• **Exercise instructions**
The answer is the data repeated in full, with no pictures included.

Data shown START

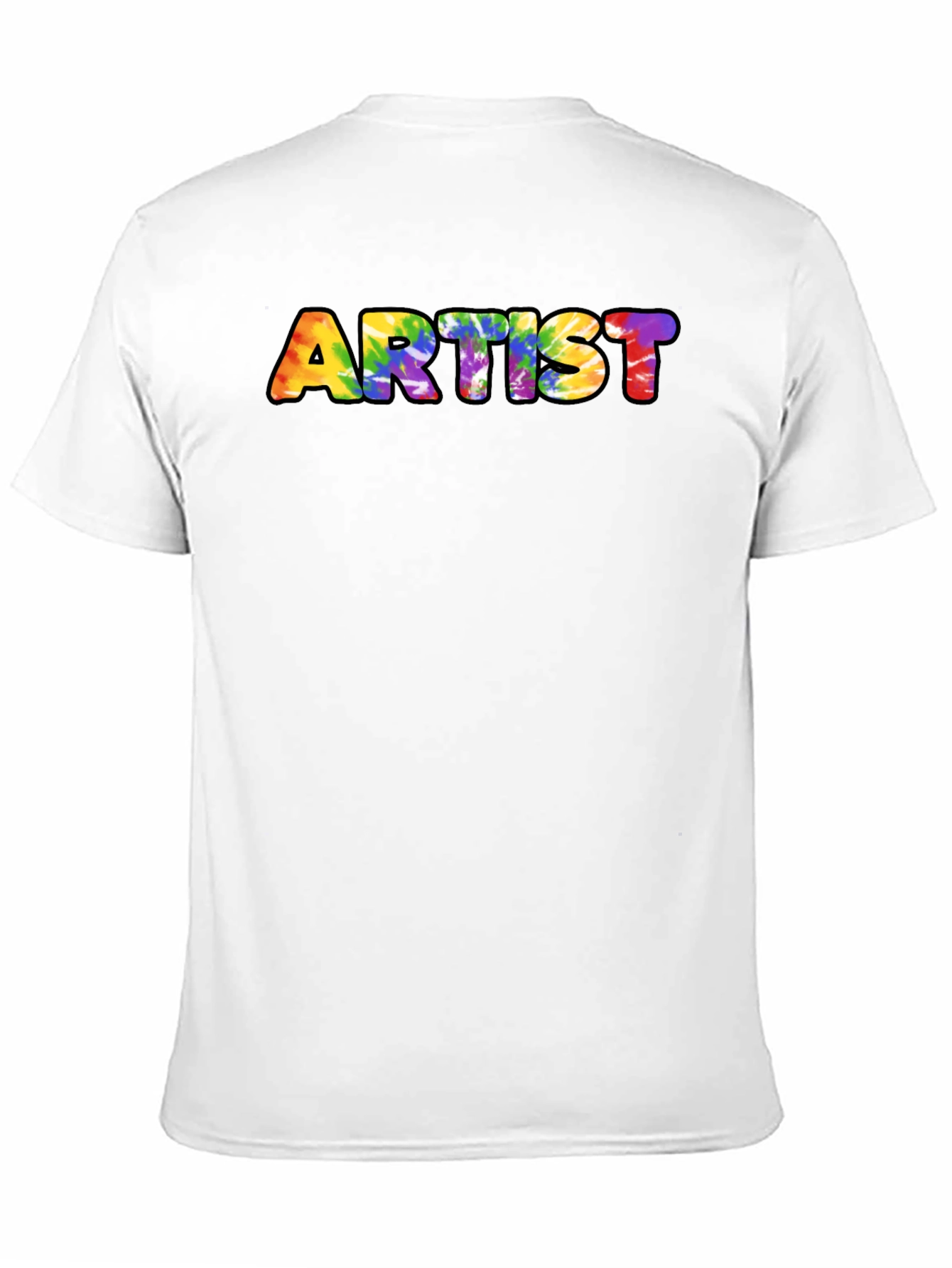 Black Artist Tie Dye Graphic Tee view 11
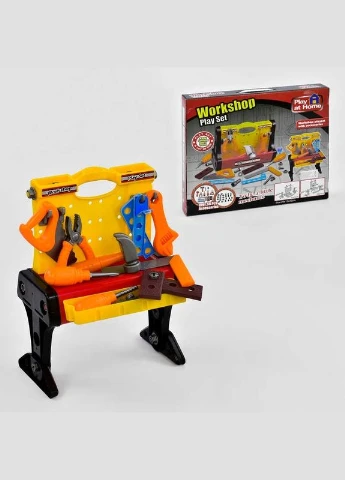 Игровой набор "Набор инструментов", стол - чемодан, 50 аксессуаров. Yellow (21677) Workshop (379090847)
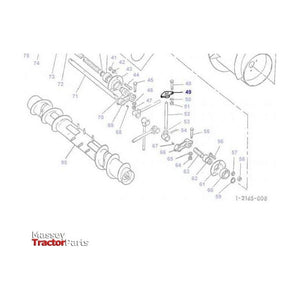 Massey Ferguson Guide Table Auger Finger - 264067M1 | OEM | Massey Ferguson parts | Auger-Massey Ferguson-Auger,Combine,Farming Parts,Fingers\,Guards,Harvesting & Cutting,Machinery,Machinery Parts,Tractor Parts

Data shown END

• **Result of this task**
 Black Artist Tie Dye Graphic Tee view 11
 Игровой набор "Набор инструментов", стол - чемодан, 50 аксессуаров. Yellow (21677) Workshop (379090847)
 Massey Ferguson Guide Table Auger Finger - 264067M1 | OEM | Massey Ferguson parts | Auger-Massey Ferguson-Auger,Combine,Farming Parts,Fingers\,Guards,Harvesting & Cutting,Machinery,Machinery Parts,Tractor Parts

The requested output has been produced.